気合いで彼女の方に近寄り、顔を凝視していると、微かに顔が見えるのです。


本当に微かです、私が僅かにでも動くと、何が何だか分からなくなってしまいます。


さぁ、こんな時こそ努力するのです、私。


ただでさえ、ぼんやりしがちのお顔。


輪郭を捉え、顔のシワを数える勢いで、凝視するのです。


と言っても、彼女の若くて綺麗なお顔には、シワの1つもないんですけどね。


シワと言えば、私はどうだったのでしょうか?


私の顔は、特別目鼻が整っていたりはしなかったですけど、シワはあったのでしょうか?


…………


ありました。


昔、ニキビが初めて出来た頃に、痛くて鏡で見た事がありました。


その時に頬や、おでこにあった気がします。


普段、全くと言っていいほど、表情筋を使わないからでしょうか?


ニキビを見ようと眉間に力を込めたら、元に戻らなくなったのです。


あの時の顔と言ったら…… 自分で見てもツボってしまいそうです。


私は普段から、無表情の事が多いのですが、自分でも見た事無いくらいに、原型を留めていない変な顔でした。


ふふ、私も一歩、成長出来た様ですね。


自分の面白い一面を、見つけてしまったのです。


おや? 外が明るくなって来ましたね。


こんな事を考えている内に、朝になってしまいました。


暫くすると、彼女が起き始めて、1階に降りていきました。


時刻は六時ですね。


彼女は確か弓道部でしたね。


あまり、早起きをするイメージはありませんが、運動部全般で見れば早起きは必須なのでしょう。

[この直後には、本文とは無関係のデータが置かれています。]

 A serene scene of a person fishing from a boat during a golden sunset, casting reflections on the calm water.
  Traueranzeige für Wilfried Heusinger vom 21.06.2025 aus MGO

私の場合、部活にも入っていなかったですし、学校も近くだったので、決して早くは起きなかったですね。


むしろ、遅刻ギリギリ登校の遅起きです。


何と言うか、朝は苦手です。


こう、キラキラとした日差しが私には不釣り合です。


まぁ、だからと言って夜行性でも無いのですが、夜遊びも夜更かしも特にした事は無いですし、する意味もありませんでした。

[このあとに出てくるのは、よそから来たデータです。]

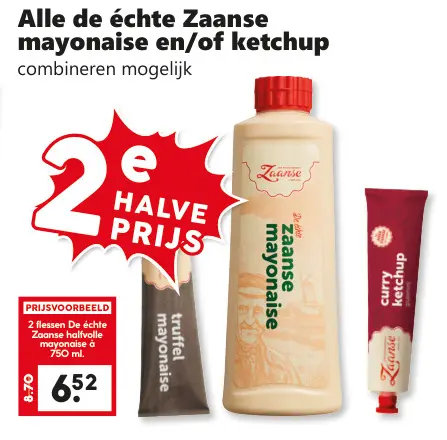 Aanbieding: Alle de échte Zaanse mayonaise en/of ketchup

あまり、夜のギラついた雰囲気が私には合わなかったのです。


むしろ早寝遅起きの私は、どちらかと言えば、超健康優良児でしょうか。


実際、私はかなり健康だったと思います。


風邪も引いた事がなければ、体調不良も無かったですし……


強いて言えば生理くらい、だったと思います。


それでも、私は軽い方で、プール以外の体育は別段休まなかったのです。


と、そんな事を言ってうちに、彼女の支度が終わってしまいましたね。


彼女は片親なのでしょうか? 優しそうなお母様がお見送りをしてくれてます。


もしかすると、お父様はもう会社に行かれたのか、まだ寝ていらっしゃるのでしょう。


何方にせよ、私には関係無いですね。


ちなみに、私は片親でした。


片親、と言っても、元々は両親が揃っていましたが、お金が無くなった事をきっかけに、私の母は家を出て行ってしまいました。


私も、どちらかに、付いて行かなければなりませんでしたが、父の方がマシだと思ったのですが、死んだあと思うと、別にどっちに行っても同じだったかも知れませんね。

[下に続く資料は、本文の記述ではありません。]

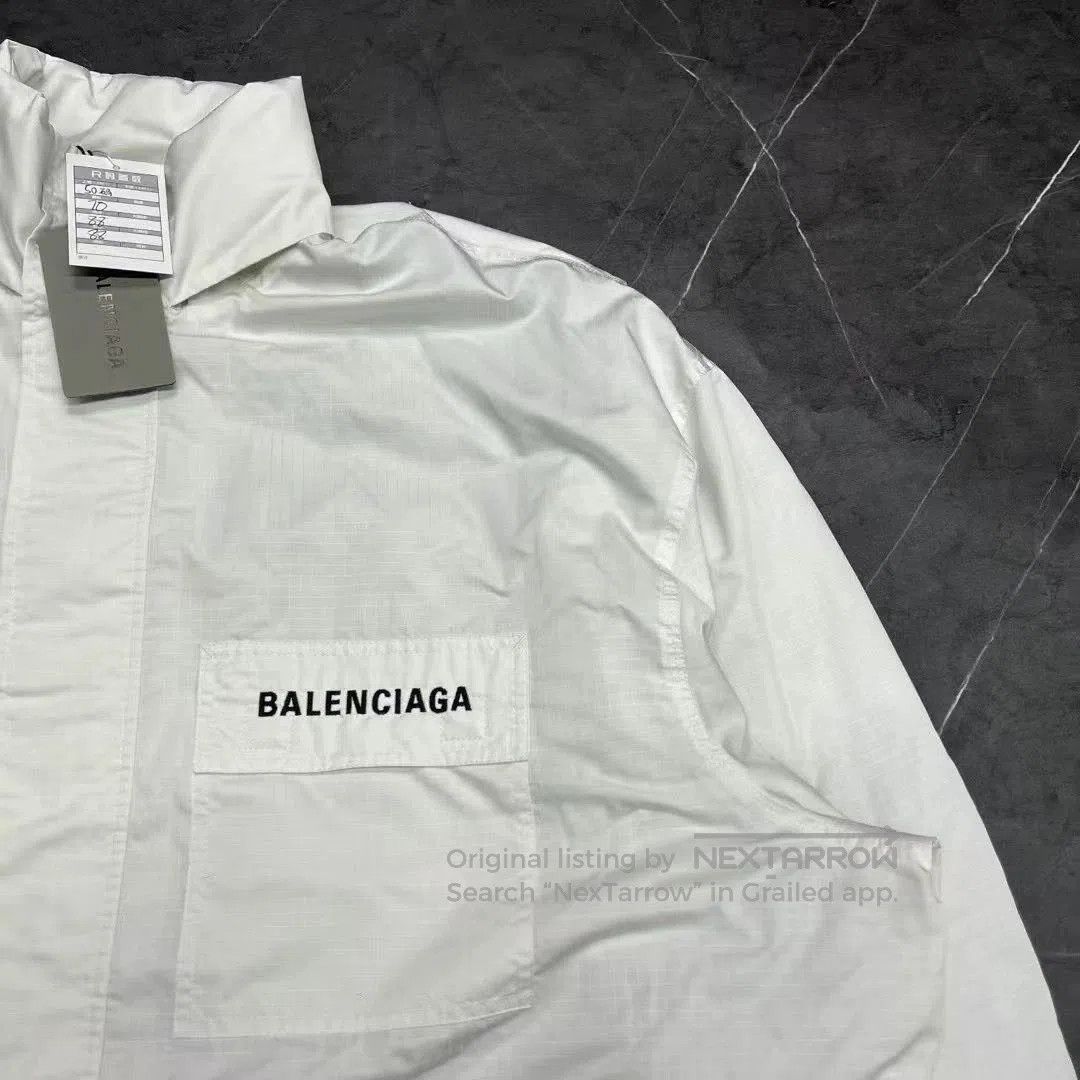 Balenciaga Balenciaga White Embroidered Logo Jacket. Size US L / EU 52-54 / 3 - 3 Thumbnail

でも手続きとかは父の方が得意だと思うので、やっぱり父で正解です。


こんな事を思っている内に、学校に着いてしまいましたね。


驚きです。


運動部の皆さんはこんなにもいらっしゃったのですね。


グラウンドや体育館が人で一杯です。


高校生になれば、部活は自由のはずですが…… あれですか、青春と言う奴ですかね?


私には関係無いですが、皆さん楽しそうですね。


おやおや、彼女も着替え始めましたね。


昨日も、今朝も色々な所を見てしまいましたが、この和装はいい感じです。


どうやら、髪も縛るみたいですね。


彼女は元々髪を長くしていた、私とは違いかなり短い髪型です。


髪型と言えば私は三つ編みなら出来ます。


こう、三本の束を交互に重ねると出来る髪型です。


私は髪を切るのが面倒だったのです。


ですが、同時に髪が邪魔でもあったのです。


そこで、白羽の矢が立ったのが三つ編みだったのです。


よく考えてみると、あれが唯一、私がやって来たオシャレに近い物だったのかも知れないですね。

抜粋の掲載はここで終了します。